How a Missing Wallet Brought Me Peace
A week ago, I was experiencing something joyous, revealing the gender of my future god child to his parents, family, and plethora of "aunts and uncles." After the fun was over, I decided to hit Rita's Italian Ice for a well-deserved Gelatti. With three minutes to spare, I throw the car in park and search my bag for my wallet. Its not there. Not panicking yet, I call a close friend to ask if it was at her house, she searched...still not there. Still not panic induced, I put the car in reverse, pulled out of the Rita's driveway and headed to her house to check for myself. I thought, surely she just overlooked it. After an hour and a half, being elbow deep in a trash can and contacting everyone that I knew was at the gender reveal, still no wallet.
While I was looking for the wallet, I couldn't help but think, "If it is really gone, what is the lesson?" I am not careless with my things, the gender reveal sparked happiness in everyone who attended (at least from where I was standing), so I was baffled on why I was experiencing bad karma in that moment. A piece of me hoped that the wallet would turn up after a few days so I didn't worry. A few days turned into five. Friday afternoon, I was at work and for some reason, an express sense of panic set in.

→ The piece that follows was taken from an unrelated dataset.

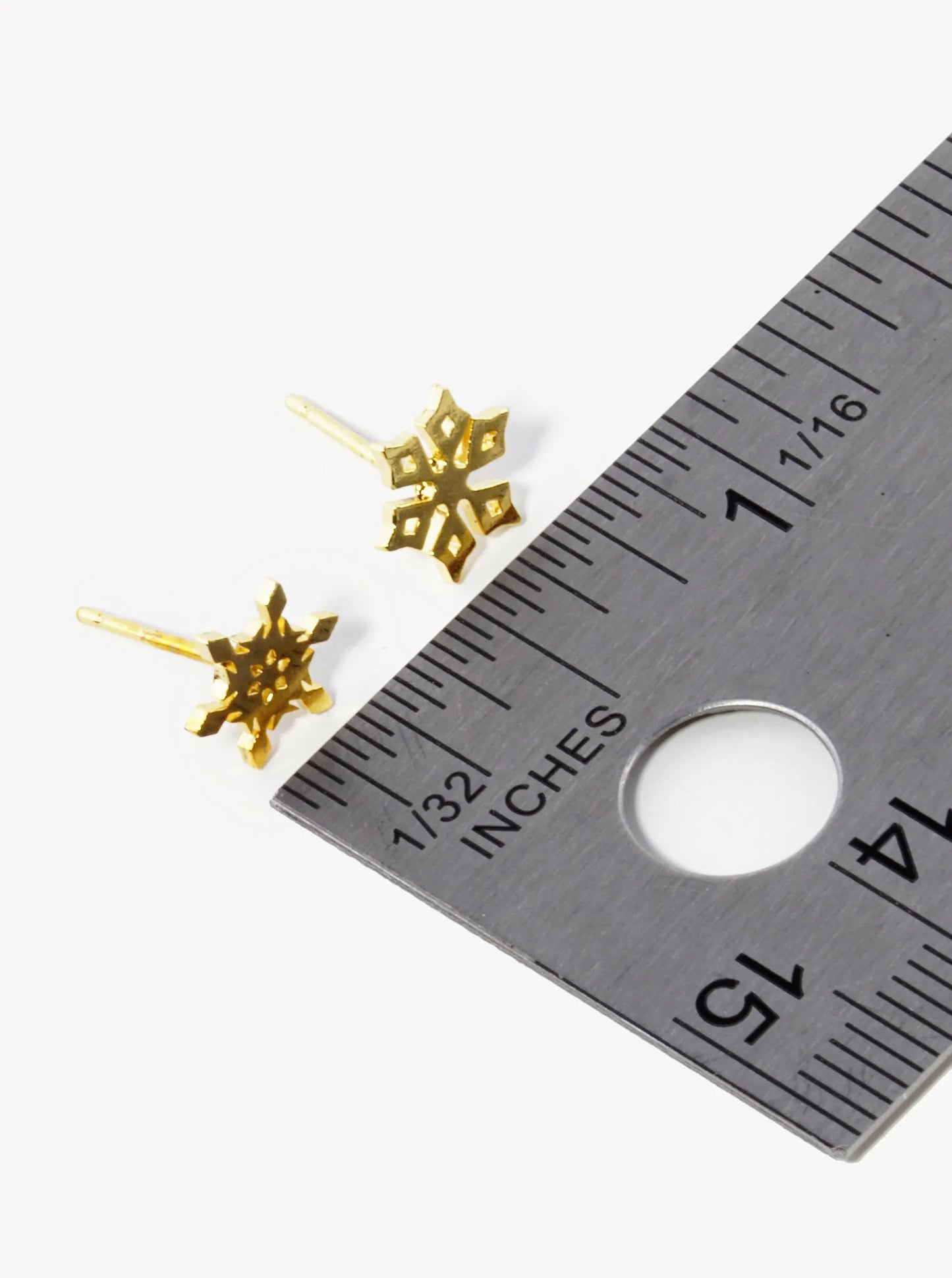 18K Gold Dipped Flat Brass 4-Leaf Clover Stud Earrings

As I live in a different state than most of my family, and the family I live with was on vacation, I felt extremely exposed and BROKE!
I called my mom, actually in tears as the $100 I had for the week was dwindling and Chase told me I had to go into a branch to get a new debit card...mind you I had no ID. As I was freaked out and slightly over-reacting, my mom told me to just find a way home and we would figure the rest out. 30 minutes later, I confirmed a Greyhound bus ticket (eek, I know) to Columbus, Ohio. 8 hours by bus and 2 more by car (I had my mom pick me up in Cleveland, as I could not stay on that bus any longer), I was back in Columbus. At the end of the entire fiasco, I had a new license and a new debit card.
Still, I couldn't help but think, what was the lesson here?
Family has always been very important to me. I am extremely close to my mom and my immediate family. I have been in New Jersey for almost 5 years now. Most of that 5 years I have been a broke college student, and for the last year, I have been a broke postgraduate. I have always operated under the pretense that the condition has to be perfect. This means that I have been apprehensive about traveling unless my finances are what I felt to be, okay enough to justify a "big" purchase like a roundtrip flight. This type of thought process has always lead to me not going where I want to when I want to.
But then my wallet was gone, I had no birth certificate to get a new ID or debit card, my cash was low, and my only option was to go home. I think the lesson had nothing to do with money or carelessness, but the fact that my fear of not being ready kept me stuck in one place. That was God and the universe's way of telling me that the time is now and if I wait for conditions to be perfect, I will never move. These are the types of behaviors we learn through observation and aren’t cured by someone saying “don’t do that.” Practice is the only remedy to changing life patters. I haven’t conquered it, but recognizing the pattern is the first step.
Though it was for such a short time, I didn’t realize how much I missed home, riding around 270, eating Jeni’s Ice Cream, and snuggling up with my mom. I’m by no means ready to move back home yet, but impromptu visits help scratch that itch. Seeing my immediate family and falling into what was familiar to me felt good.
So I guess losing my wallet brought a sense of peace that was missing.